- **MATERIAL SHOWN**:

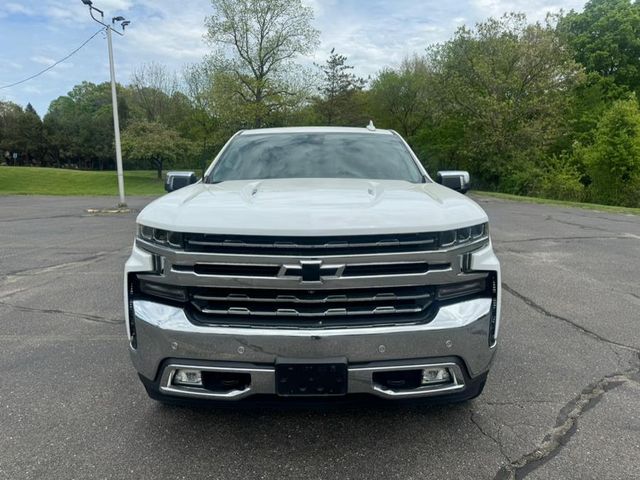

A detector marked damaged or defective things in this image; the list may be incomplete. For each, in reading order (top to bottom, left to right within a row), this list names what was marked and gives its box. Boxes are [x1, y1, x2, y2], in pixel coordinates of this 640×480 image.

pavement crack [0, 302, 122, 324]
cracked asphalt [0, 193, 636, 478]
pavement crack [502, 282, 636, 352]
pavement crack [464, 408, 510, 464]
pavement crack [498, 370, 636, 478]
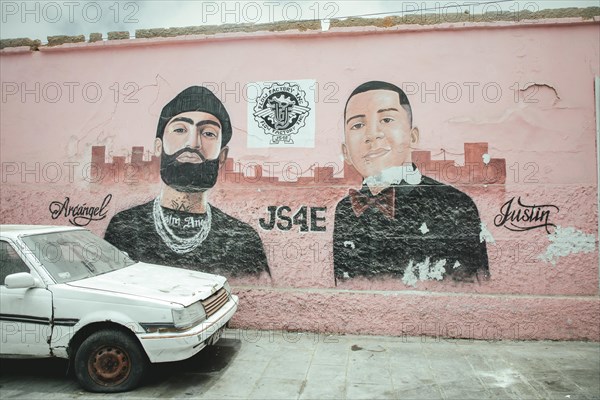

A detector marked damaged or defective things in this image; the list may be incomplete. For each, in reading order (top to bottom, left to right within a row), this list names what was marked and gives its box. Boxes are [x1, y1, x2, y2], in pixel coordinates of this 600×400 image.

peeling paint [478, 222, 496, 244]
peeling paint [540, 225, 596, 266]
rusty wheel [74, 330, 148, 392]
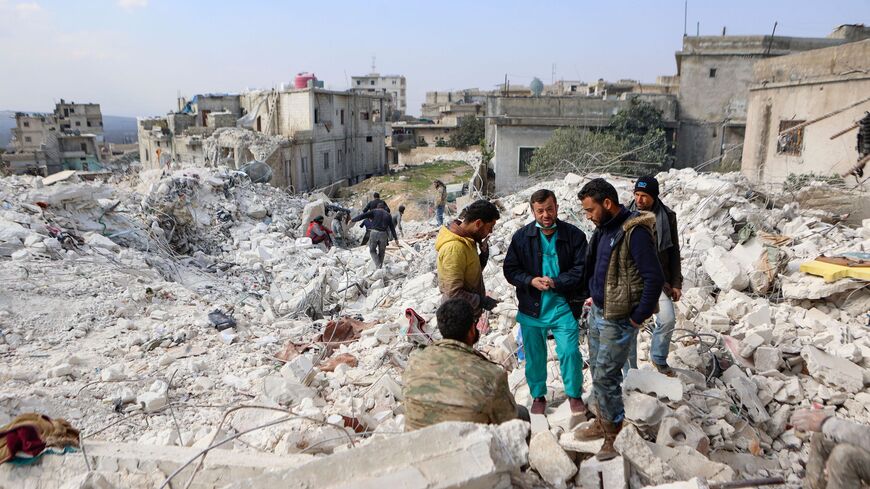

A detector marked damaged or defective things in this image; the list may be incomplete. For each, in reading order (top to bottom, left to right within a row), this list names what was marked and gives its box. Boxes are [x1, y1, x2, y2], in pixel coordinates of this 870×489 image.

earthquake damage [0, 158, 868, 486]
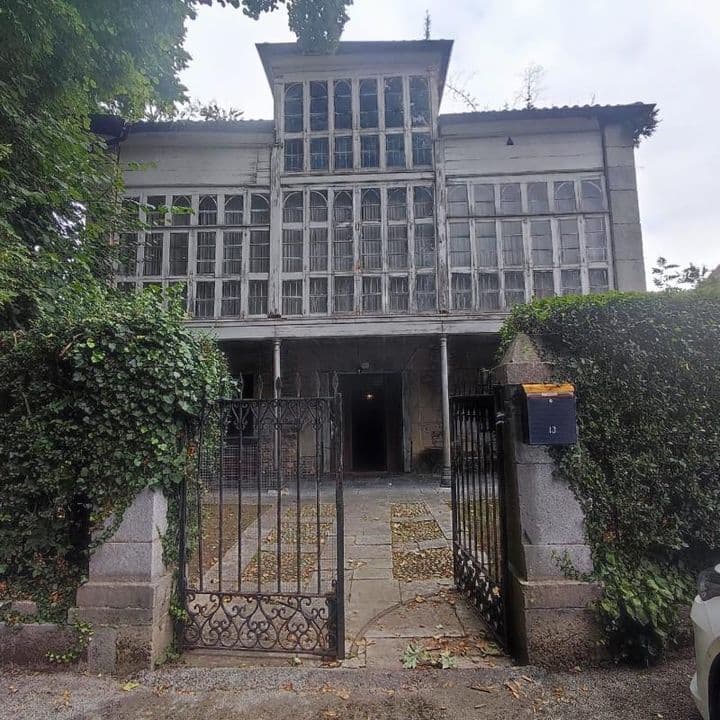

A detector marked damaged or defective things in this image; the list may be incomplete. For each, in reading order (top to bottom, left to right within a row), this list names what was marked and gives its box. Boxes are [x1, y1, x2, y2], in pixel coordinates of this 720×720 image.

broken window pane [282, 83, 302, 134]
broken window pane [310, 80, 330, 132]
broken window pane [334, 81, 352, 131]
broken window pane [382, 76, 404, 129]
broken window pane [360, 135, 382, 169]
broken window pane [388, 133, 404, 168]
broken window pane [169, 233, 188, 276]
broken window pane [195, 231, 215, 276]
broken window pane [222, 231, 242, 276]
broken window pane [282, 231, 304, 272]
broken window pane [500, 219, 524, 268]
broken window pane [532, 219, 556, 268]
broken window pane [249, 278, 268, 316]
broken window pane [360, 276, 382, 312]
broken window pane [414, 272, 436, 310]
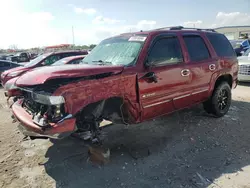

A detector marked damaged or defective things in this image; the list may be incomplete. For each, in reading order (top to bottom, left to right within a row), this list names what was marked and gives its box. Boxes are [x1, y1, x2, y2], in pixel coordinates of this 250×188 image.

crushed hood [15, 63, 124, 86]
damaged red suv [11, 26, 238, 144]
crumpled front end [11, 90, 76, 139]
front bumper damage [11, 100, 76, 139]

- **THE PROBLEM**:
Write out again exactly the lines that run from the one holding "this 250×188 image." through the last line of the data; omit all other lines.

- **EXERCISE ANSWER**:
A detector marked damaged or defective things in this image; the list may be incomplete. For each, in reading order (top to bottom, left to right within a row), this list names what was marked and gives its box. Boxes are [x1, y1, x2, y2], in pixel coordinates of this 250×188 image.

crushed hood [15, 63, 124, 86]
damaged red suv [11, 26, 238, 144]
crumpled front end [11, 90, 76, 139]
front bumper damage [11, 100, 76, 139]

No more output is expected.